Before You Start SQL*DBA

There are several requirements to meet before you can run SQL*DBA. First, the user must either own the executable or be a member of the group associated with it. You can find the SQL*DBA executable in the bin directory of your ORACLE_HOME environment variable; it's usually named sqldba (DOS-based systems might include an EXE or COM extension). If you are running Oracle on a DOS machine, the executable is located in the directory pointed to by your XBIN environment variable.

Once you can execute SQL*DBA, you must also have privileges to execute the specific commands you want to use. For instance, if you want to add a data file to a tablespace, you must have the ALTER TABLESPACE privilege.

Next, it is important to know how to connect to a database. Nearly all the commands supported by SQL*DBA require a connection to a database (especially startup and shutdown options).

Connecting to a Database

All SQL*DBA modes support the connect commands. With a username/password specification, you can connect to your

default database. SQL*Net supports special connect strings to connect to remote databases on your network. You can use this option to eliminate the need for logging into every system where a database is running.

connect internal is the most typical connection using SQL*DBA. Internal, a special username viable only through SQL*DBA, is

actually a alias for logging into the SYS account. Intended strictly for use with special operations such as startup and shutdown,

the internal username is limited to users with the correct access to SQL*DBA (ownership and group access to the executable).

Terminating SQL*DBA Commands

SQL*DBA, like SQL*Plus, enables you to execute multiple-line commands. By default, you must terminate all commands with a semicolon (;) or forward slash (/), regardless of which mode you are using. These characters tell SQL*DBA to execute the command. Some commands might not require the terminator. If you press return while entering a command where SQL*DBA expects further input, SQL*DBA provides a continuation line where you can enter the next part of the command line. Entering the termination character ends the command and begins execution.

SQL*DBA Operation Modes

I mentioned earlier the three modes of operation for SQL*DBA; only one major difference distinguishes the three modes.

Screen mode is the only mode capable of running monitor programs that help you monitor various aspects of your instance.

Apart from this difference, all three modes function identically. Commands that you can issue in line mode work identically when issued in either screen or command modes.

SQL*DBA in Line Mode

Line mode places the user into a line-driven, interactive interface. This mode does not support menus or additional input devices other than the keyboard. You usually use line mode for quick access to SQL*DBA commands or for automating different aspects of its functionality.

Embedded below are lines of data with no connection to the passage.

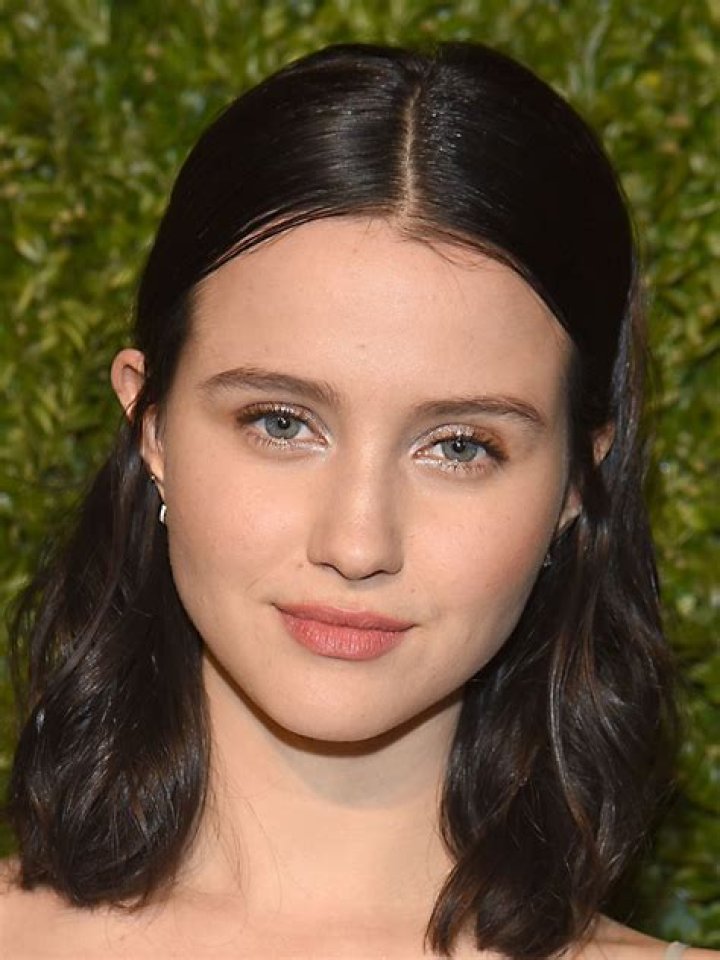Julia Goldani Telles Wiki, Boyfriend, Age, Family & Net worth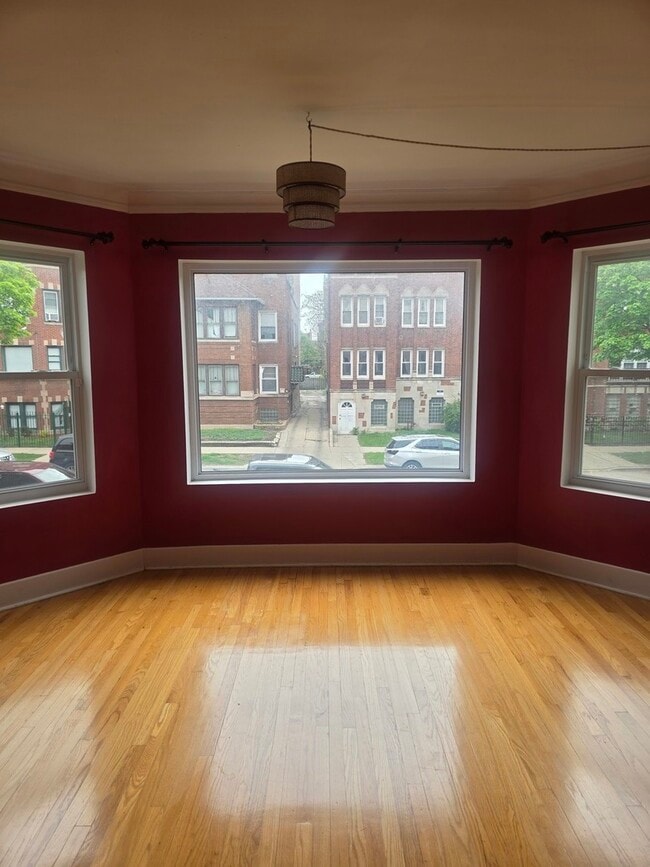 Foto del edificio - 6926 S Paxton Ave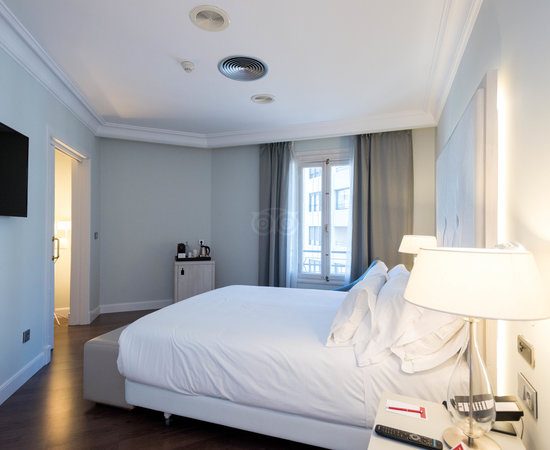 nh hotels zaragoza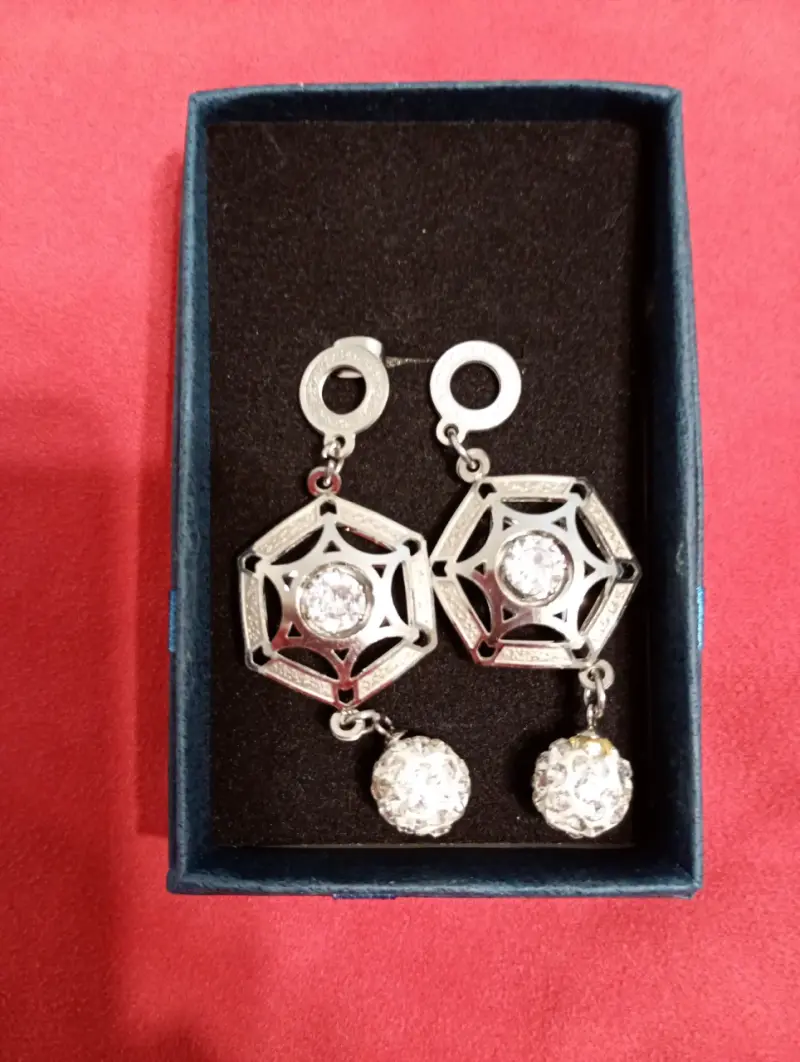 Elegantes aros colgantes color plata con cristales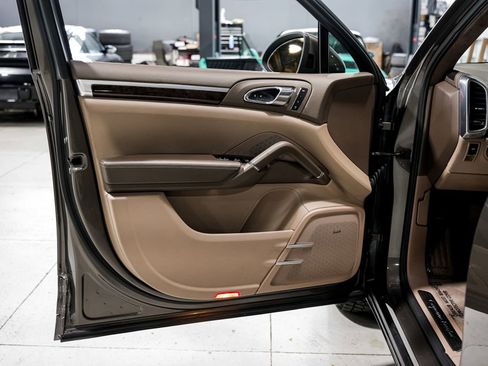 Used 2013 Porsche Cayenne Turbo AWD/4WD image 24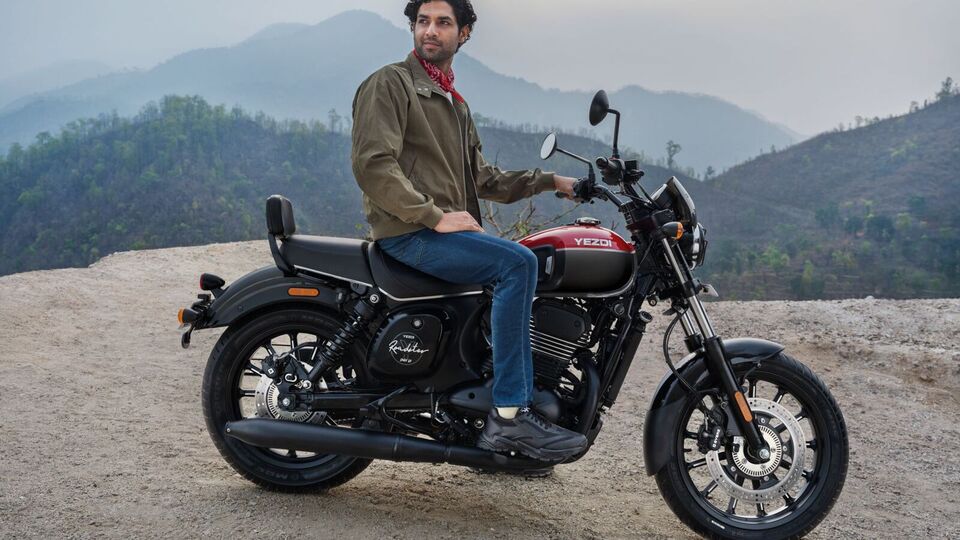 Yezdi Roadster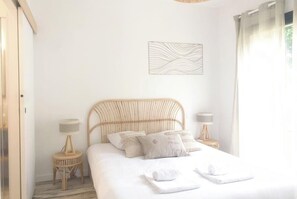 3 chambres, fer et planche à repasser, Wi-Fi, draps fournis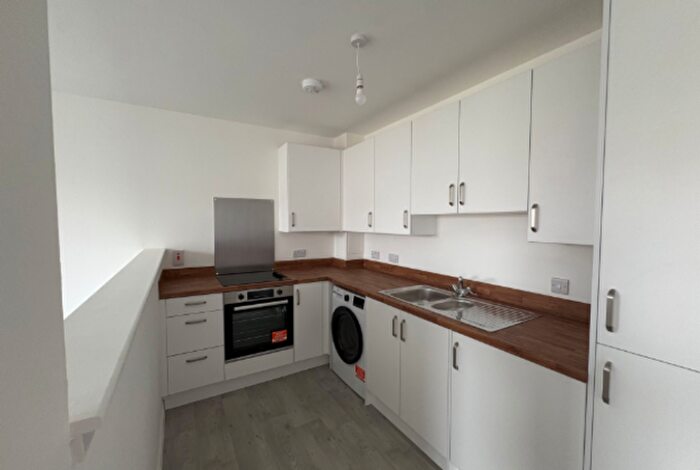 2 Bedroom Flat To Rent In Flat /, Comelypark Street, G31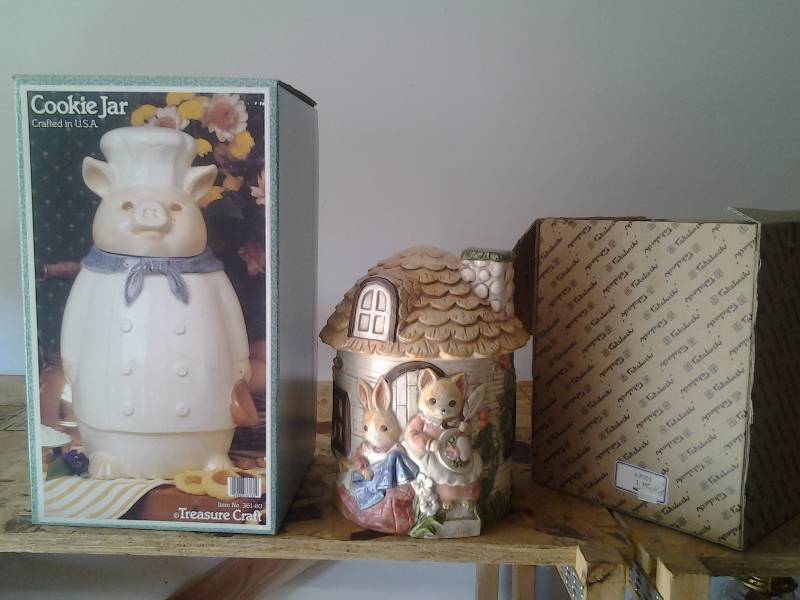 lot 52 image: Treasure Craft Pig Cookie Jar & Takahashi Rabbit House Cookie Jar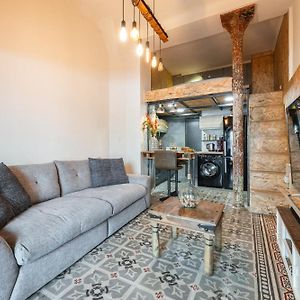 Le Loft - Un Voyage Urbain Au Coeur De La Ville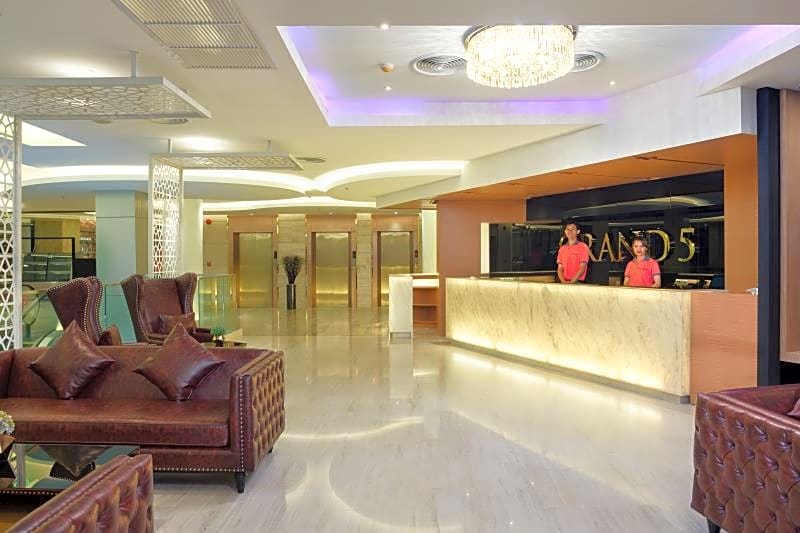 Grand 5 Hotel & Plaza Sukhumvit Bangkok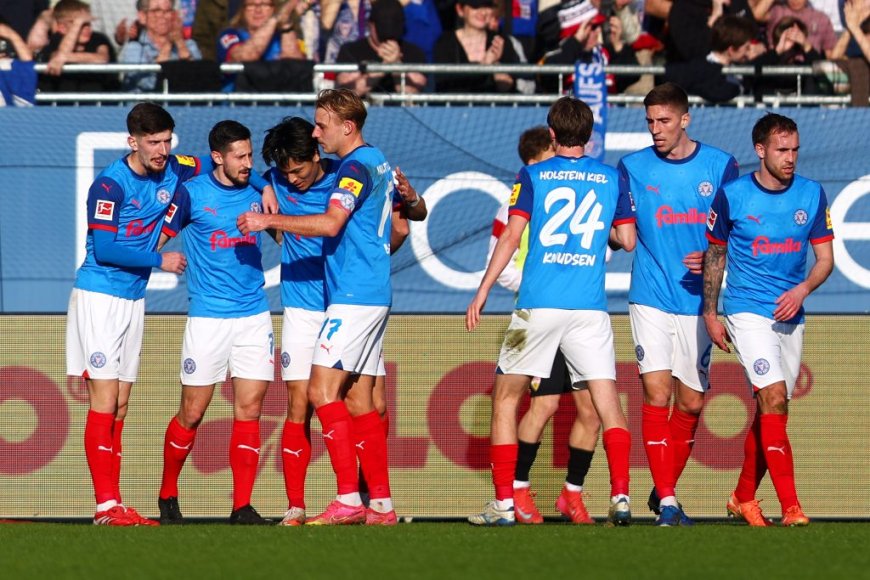 Holstein Kiel’s Steven Skrzybski on scoring six goals from last six shots: “One has to shoot to score.”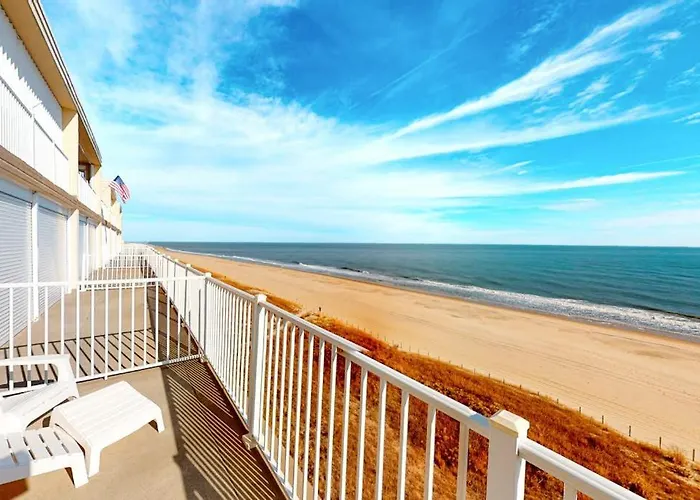 Comfortable And Convenient Oceanside Condo With Shared Pool Free Wifi & Balcony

Because line and screen mode are identical in nature except for monitor commands, I limit the scope of this discussion on line mode to starting SQL*DBA in line mode, starting up and shutting down the database, and automating the startup and shutdown

processes. The following section on screen mode goes into much greater depth about the commands available in SQL*DBA.

 

Line mode is provided strictly for backward compatibility with older versions of Oracle. Oracle announced that it will not support SQL*DBA in future releases. At press time, SQL*DBA is still a supported product.

Starting SQL*DBA in Line Mode

To start SQL*DBA in line mode, you can enter one of the following commands: sqldba mode=line or sqldba lmode=y. After starting SQL*DBA, you should see a prompt that resembles SQLDBA>.

At this point, you can connect to the database using connect internal or connect username/password. Once you are finished with your SQL*DBA session, you can issue the exit command to leave.

SQL*DBA is not case sensitive unless you are dealing with the selection of data from the database. Uppercase or lowercase letters are perfectly legitimate.

Startup and Shutdown with SQL*DBA in Line Mode

As stated before, the primary use for SQL*DBA is the startup and shutdown of your database. You can do this from line or screen mode, but it seems the most common way is from line mode.

You cannot issue startup and shutdown commands from a connection via the Multi-Threaded Server. You must have a dedicated session to issue these commands. If running the Multi-Threaded Server, you must first disable the TWO_TASK environment variable before starting SQL*DBA.

To start up a database, use the following set of commands.

1.Start SQL*DBA by issuing the sqldba command.

2.Issue the CONNECT INTERNAL command to connect to the database.

3.Start the database using any of the STARTUP commands.

4.Exit SQL*DBA by typing EXIT.

You can substitute any one of the startup options for the STARTUP command listed in step 3, such as STARTUP MOUNT, or STARTUP FORCE. Later on, I discuss the startup and shutdown options in greater depth.

To shut down the database from line mode, use the following steps:

1.Start SQL*DBA by issuing the sqldba command.

2.Issue the CONNECT INTERNAL command to connect to the database.

3.Shut down the database using any of the SHUTDOWN commands.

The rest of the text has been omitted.